Scraped caption text data:
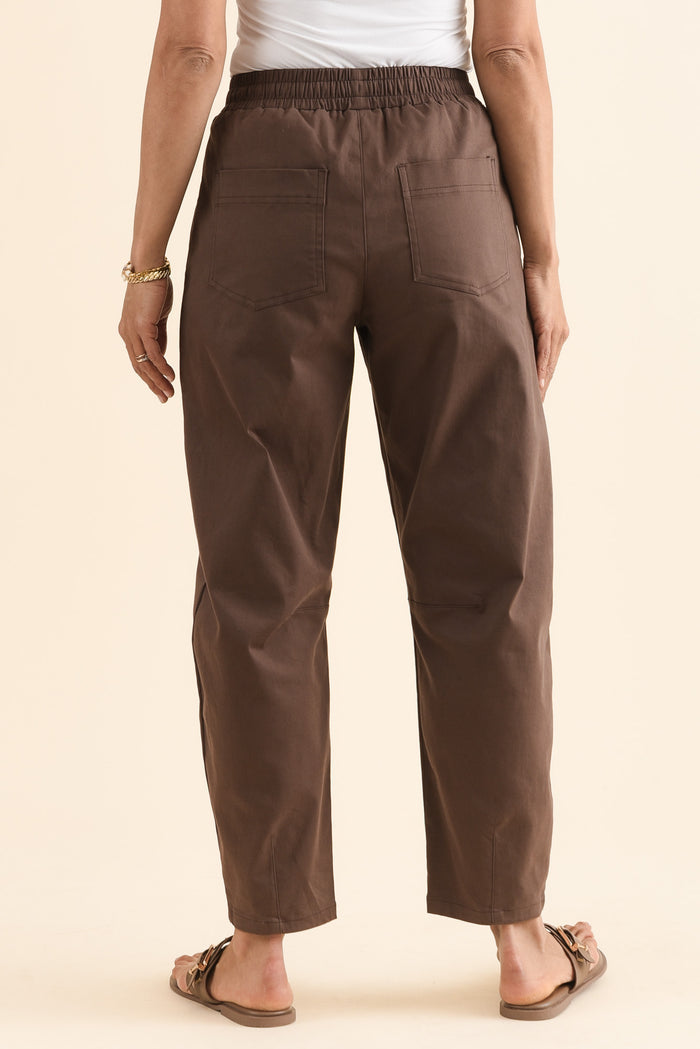 Andy Chocolate Cotton Barrel Pants,Back,Brunette model,alt text|model:Cara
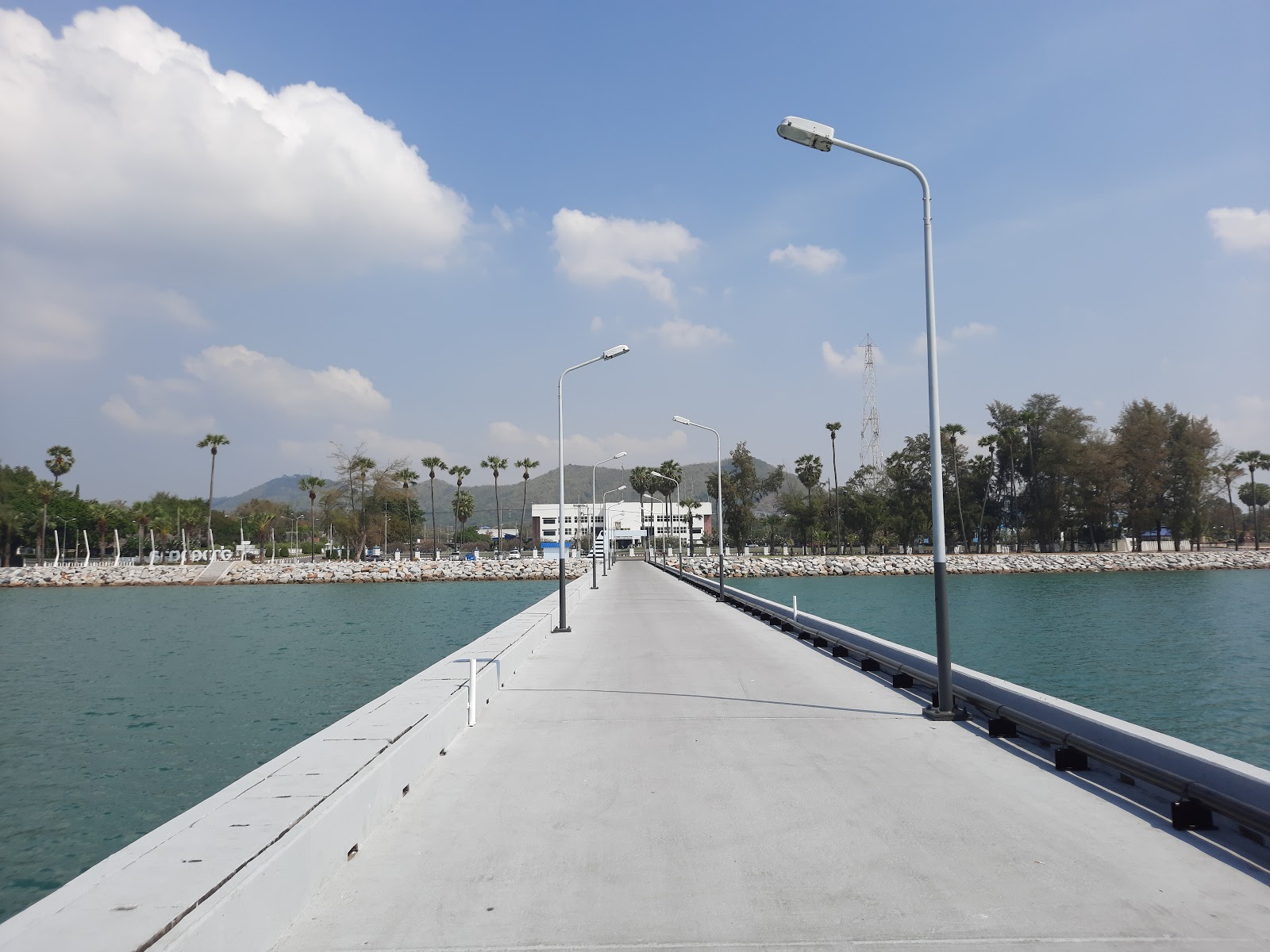 Photo de Dongtan Beach II avec l'eau cristalline de surface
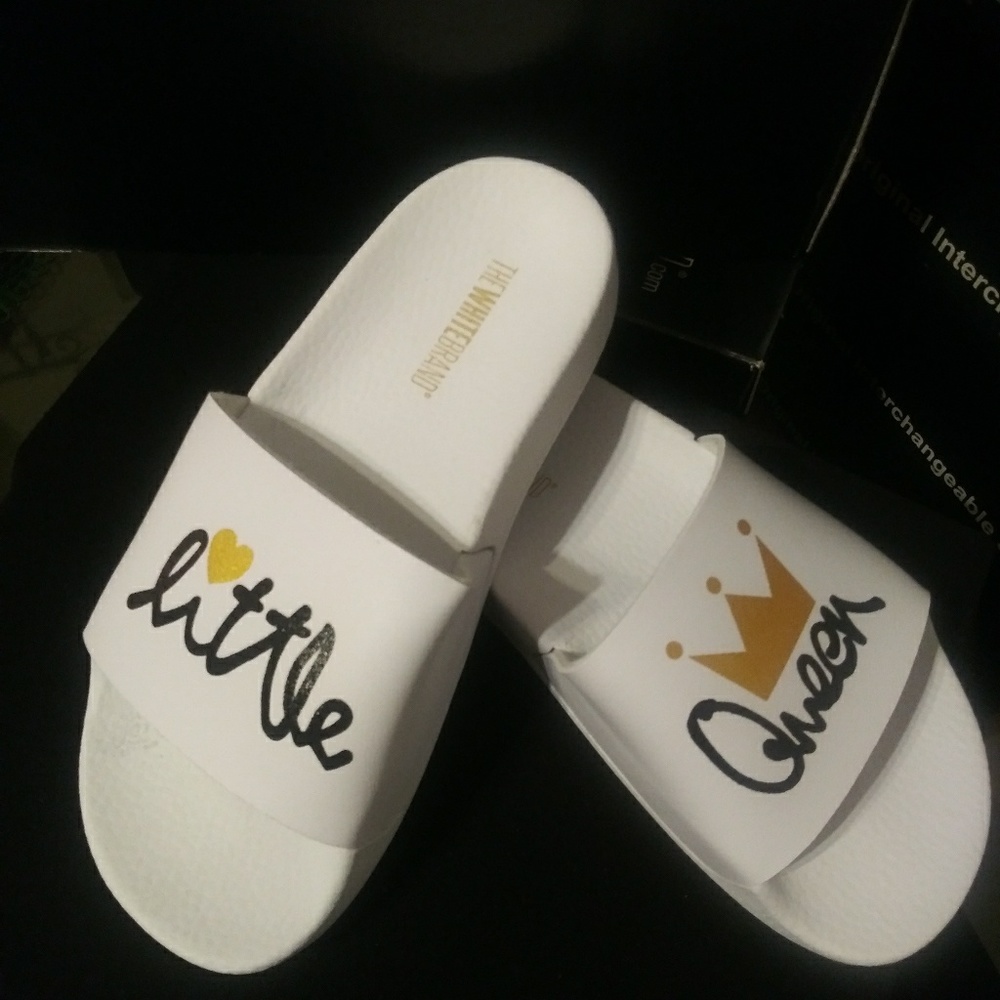 Childrens Iconic banded slippers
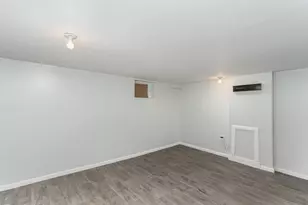 1311 Kane St, Aurora, IL 60505 - Photo 10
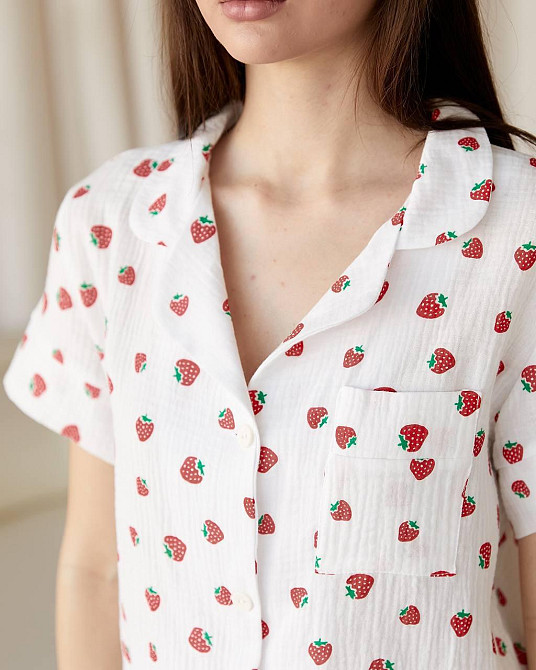 Пижама женская шорты и рубашка муслиновая Белый клубника L Харьков - изображение 3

* **Task prompt**:
Return the records word for word, leaving every picture out of the copy.

* **Expected answer**:
 Andy Chocolate Cotton Barrel Pants,Back,Brunette model,alt text|model:Cara
 Photo de Dongtan Beach II avec l'eau cristalline de surface
 Childrens Iconic banded slippers
 1311 Kane St, Aurora, IL 60505 - Photo 10
 Пижама женская шорты и рубашка муслиновая Белый клубника L Харьков - изображение 3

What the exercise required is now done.